African American Visual Arts

African American Visual Arts

African American Visual Arts

Synopsis

This book examines the quilts, ceramics, paintings, sculpture, installations, assemblages, daguerreotypes, photography and performance art produced by African American artists over a two hundred year period. The author draws on archaeological discoveries and unpublished archival materials to recover the lost legacies of artists living and working in the United States. As the first critical study to provide in-depth case studies of twenty artists, this book introduces readers to works created in response to the Middle Passage, Atlantic slavery, lynching, racism, segregation, and the fight for civil rights. Bernier examines little-discussed panoramas, murals, portraits, textile designs, collages and mixed-media installations to get to grips with key motifs and formal issues within African American art history. Working within this tradition, artists experiment with cutting edge techniques and alternative subject-matter to undermine racist iconography and endorse a new visual language. They push thematic and formal boundaries to create powerful narratives and epic histories of creativity, labour, discrimination, suffering and resistance. By providing close readings of works by artists such as Elizabeth Catlett, Jacob Lawrence, William Edmondson, Howardena Pindell, Charles Alston, Romare Bearden, Norman Lewis, Betye Saar, Horace Pippin and Kara Walker, this book sheds new light on the thematic and formal complexities of an African American art tradition which still remains largely shrouded in mystery. Includes 16 colour photographs.

Excerpt

I have written this book with the aim of breathing fresh life into African American art history by focusing upon the aesthetic issues and experimental practices of artists working across a long time frame and a diverse range of media. Emerging during slavery and surviving on down through to a post-civil rights era, black visual arts have taken many forms including mural, portrait, landscape and abstract painting; sculpture; daguerreotyping and photography; pottery, quilting and collage; assemblage, installation, street and performance art. Despite their many and important differences, it is possible to trace thematic and formal continuities across this vast body of works produced by African American artists living and working in the United States. Many artists have repeatedly pushed the boundaries of media and materials in the search for a visual language which would represent the difficult realities of African American struggles for existence. For so many early artists emerging during slavery in particular, the act of sculpting, painting or quilting in and of itself constituted a radical act of self-expression and resistance.

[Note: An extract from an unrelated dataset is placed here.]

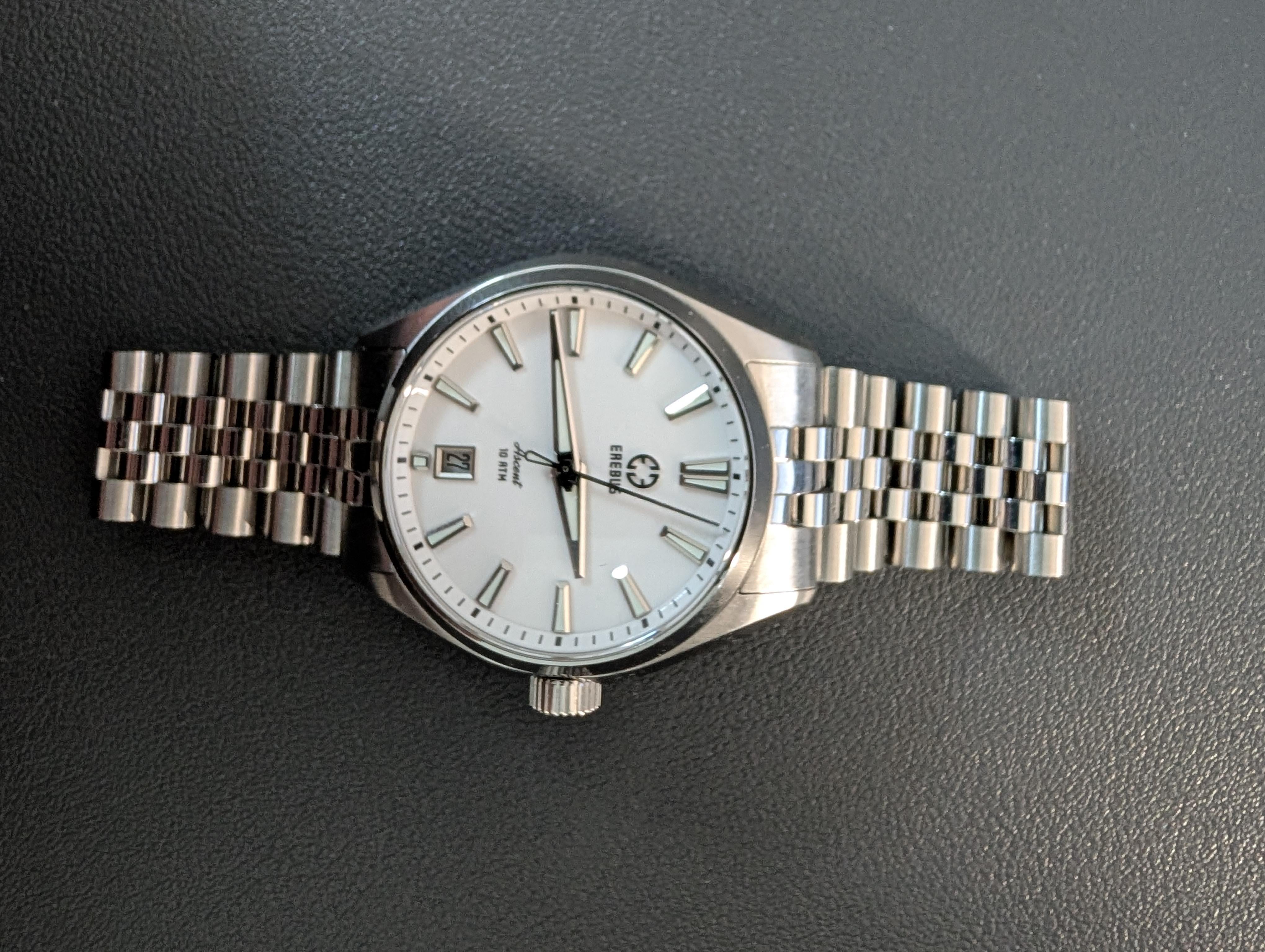 EREBUS Ascent 36mm エナメルブラック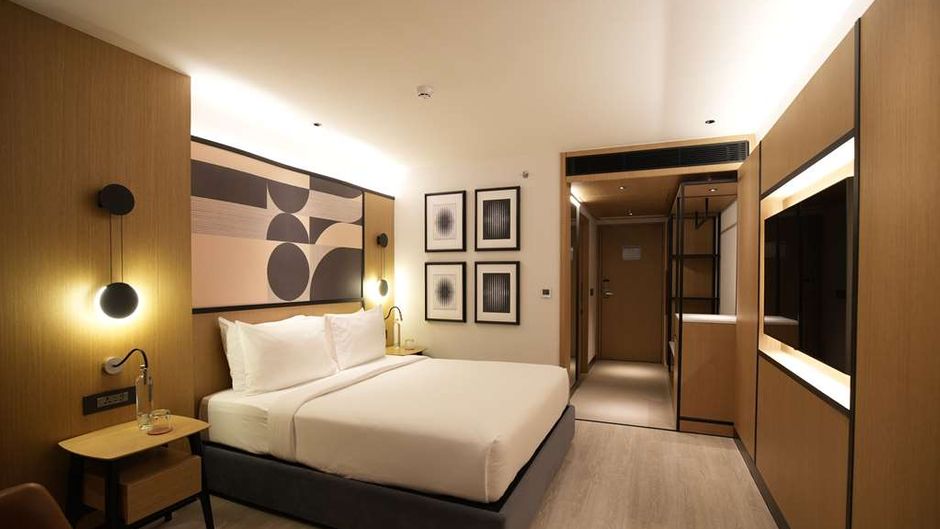 Parallel Hotel Udaipur Room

As contemporary black artist, David Hammons, admits, the visual arts remain the most '“problematic”' for African Americans because '“[y]ou have to sit down and physically make art”' whereas in '“music you could sing the songs while you were picking the cotton; it didn't matter how much hell you were catching”' (in Berger, 1993: 177). African American critic, Alain Locke, was similarly under no illusion that, '[s]tripped of all else, the Negro's own body became his prime and only artistic instrument' (Locke, 1936: 3). By investigating such a diverse range of artists, art movements and forms across a time span of more than two hundred years, this study supports bell hooks's view that the responsibility rests upon us as critics to 'imagine new ways to think and write about visual art', as we 'engage a process of cultural transformation . . .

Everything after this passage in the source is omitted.